Shrink has also decreased at retail as handling has improved dramatically over the years and basic merchandising concepts have evolved such as minimizing the amount of time fresh potatoes are exposed to artificial light on display racks.

Potatoes USA is attacking the nutrition perception, which Toaspern called the number one challenge. The group’s literature reminds consumers that potatoes are not fattening and that elite athletes often use potatoes as an excellent source of carbohydrates in their training. “Potatoes equal performance,” Toaspern said is a message that Potatoes USA is touting, as it tries to get the weekend 5K runner to imitate what the hard-core elite athletes are consuming.

Not far behind are efforts to stimulate innovation in potato use at home and in restaurants. The produce department has seen an explosion in new items gaining popularity as the potential uses expand. One need only look at cauliflower and innovations related to using that vegetable as a potato substitute in in its mashed form and as a steak substitute when it is sliced and grilled. Potatoes USA is targeting “food enthusiasts” encouraging them to find new uses for the potato. The group believes it has an excellent opportunity in working with chefs, who are always looking for menu uniqueness.

Ross Johnson, global marketing manager for Potatoes USA, focuses on retail promotions and said that area is still very important to the U.S. potato industry. “Potatoes are the number one preferred vegetable (by consumers) and they do have the highest household penetration of any fruit or vegetable at 88 percent,” he said. “Sixty million pounds of potatoes are sold at retail every week.”

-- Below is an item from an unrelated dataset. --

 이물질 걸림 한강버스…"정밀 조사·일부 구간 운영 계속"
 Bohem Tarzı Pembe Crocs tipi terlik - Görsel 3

Johnson said potatoes are a huge driver of sales at retail as they stimulate the purchase of other items. He said if potatoes are in the basket, the typical consumer has an average ring of $83.14 in his or her basket. If the basket does not include a potato product, the ring averages only $41.22. The Potatoes USA representatives said it behooves retailers to encourage that potato buy by promoting potatoes or giving them a more prominent spot at retail. “Move then up to the front of the department and get them in the basket sooner.”

As with several other produce department items, the buzz about fresh potatoes typically revolves around specialty items such as fingerlings or baby potatoes while sales are still dominated by the standard packs.